The principle entertainment was gambling and young Titus gave that a try too. But only once.
During the time I was peddling nuts, Mr. F. A. Hihn – of Santa Cruz- was peddling candy. We both frequented the Auctions. Among the Auctioneers, were Major Dudley and Dr. Pierson Starr – I followed the crowd at the auctions in day-time, and at the Gambling houses at night.

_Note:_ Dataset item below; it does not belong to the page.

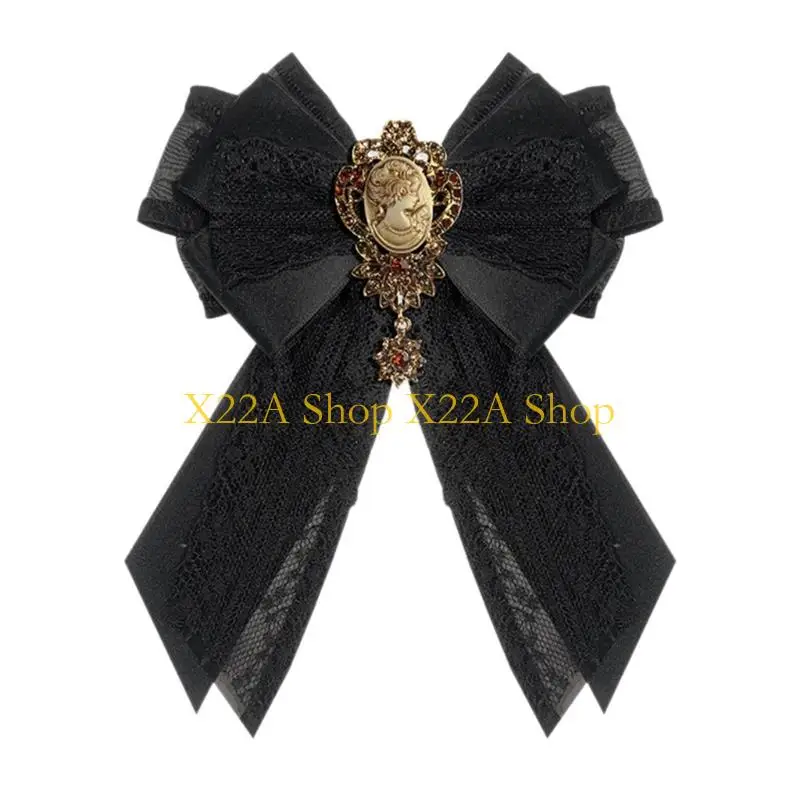 Unique Rhinestones Collar Ribbon Collar BowTie Suitable for Formal or Casual Wear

There were about fifteen boys in Sacramento during the winter of ‘49. Most of them took to drink. (I never drank liquor unless administered to me by a Doctor, and only three times in that way.) Some of the boys were making lots of money gambling, so one evening I concluded to change my business. I left my basket of nuts at home and went down town with the intention of making a fortune out of the Gamblers, as some of my companions had done. I bet, 50 cts. on Monte and won, I continued through the evening to win and lose, at midnight I had lost the original investment, 50 cts. I have never bet on anything since.